The need of a conscience keeper like Valmiki to Rama

The need of a conscience keeper like Valmiki to Rama

Unconditional love is supreme.

 It is the ability to love without being judgmental.The basis of this concept lies in the fact that no one is perfect; hence there is really no point in nitpicking. Unfair criticism can only lead to a lot of unpleasantness and sometimes bad blood making our lives onerous. 

This certainly does not mean that we must lose our sense of discretion and adopt the love me, love my dog policy. We must garner enough moral courage and cultivate the ability play the conscience keeper of our loved ones.

Valmiki, the contemporary of the great king Rama, composed the Ramayana at the behest of Narada. 

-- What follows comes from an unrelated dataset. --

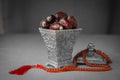 Sacred sweet dates and Islamic praying beads. Royalty Free Stock Photo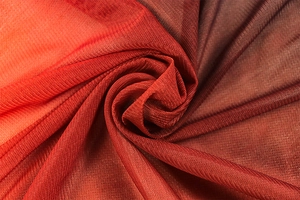 Detail of breathable red orange gradient mesh fabric with pleated texture and soft drape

He was completely in awe of the righteous character of the principled king who steadfastly trod on the path of truth despite all odds. It was around this time he came across the abandoned pregnant wife of his hero. Despite being unattached at the personal level, he took the responsibility of Sita. 

He offered her consolation, asylum and paternal care in his hermitage till she delivered her sons.

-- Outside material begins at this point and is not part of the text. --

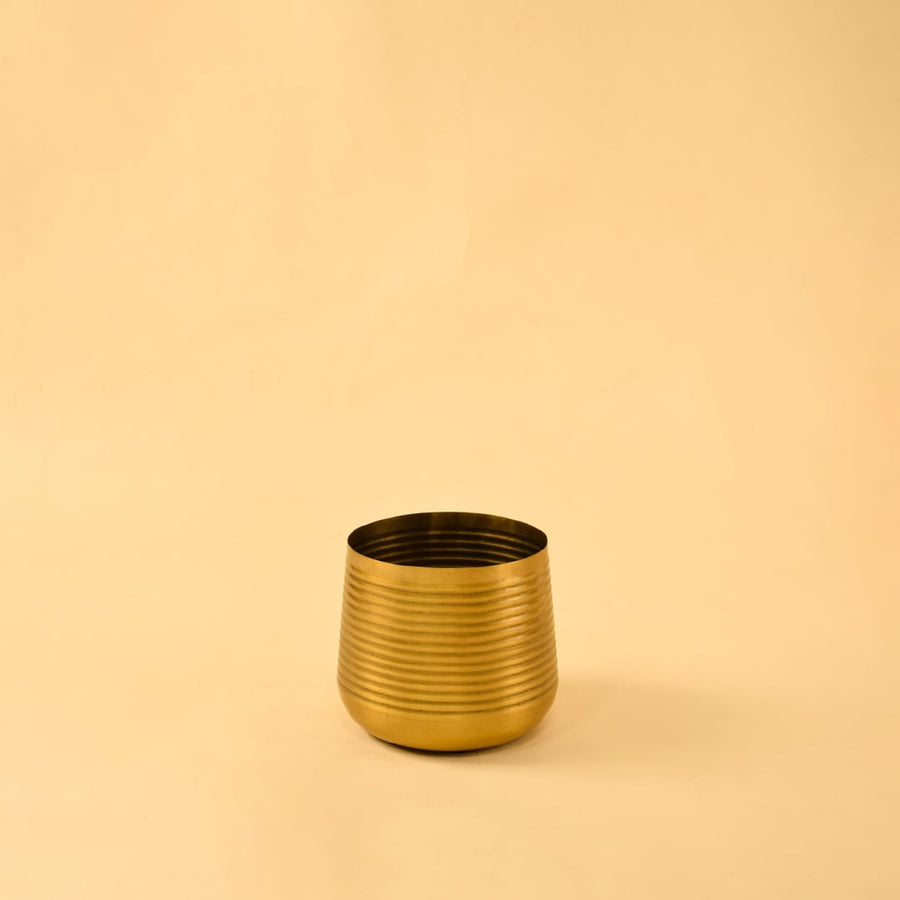 Gold metal planter decor on clean white background ideal for bright modern shelves consoles and tabletop styling.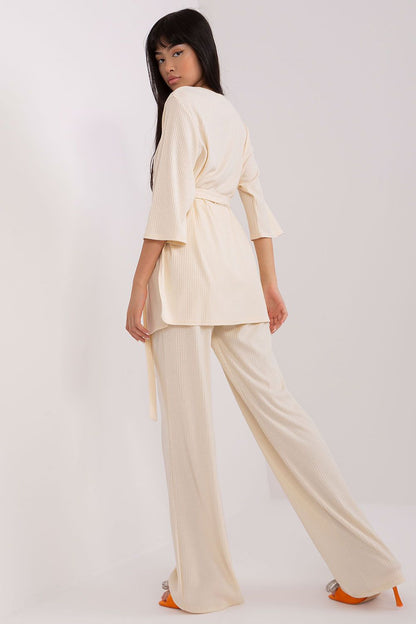 Detail shot of Lakerta Women's Ribbed Set, displaying the chic tie belt and side pockets for functionality in a luxurious everyday outfit.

He took the initiative to bring up the royal scions of the Raghu clan. 

In other words he was their much required friend, philosopher and guide. As they grew up he helped them excel in academics, martial arts and life skills. In addition he taught them to sing his magnum opus – The Ramayana, in the most scintillating manner. 

He took care not to reveal that they were the off springs of the estranged royal couple. 

When the king of Ayodhya announced the Ashwamedha Yagna, he made it a point to send the young sons of Rama to Ayodhya and sing the Ramayana to the public. 

He was very sure that, sooner or later, the talent and the content of the recital by the twins would reach the ears of Rama and they would be summoned to perform in his royal presence. 

Valmiki considered and projected Rama as a paragon of virtues and an epitome of all that is good and great. 

Yet the sage did not deter from holding a mirror to his hero Rama and sensitise him to the pathos created after the aftermath of his righteous action of abandoning Sita in order to quell the loose talk triggered by a washer man in Ayodhya.  By doing so, he became instrumental in putting the spotlight on Rama’s undying love for Sita and reuniting the king with his sons over a course of events.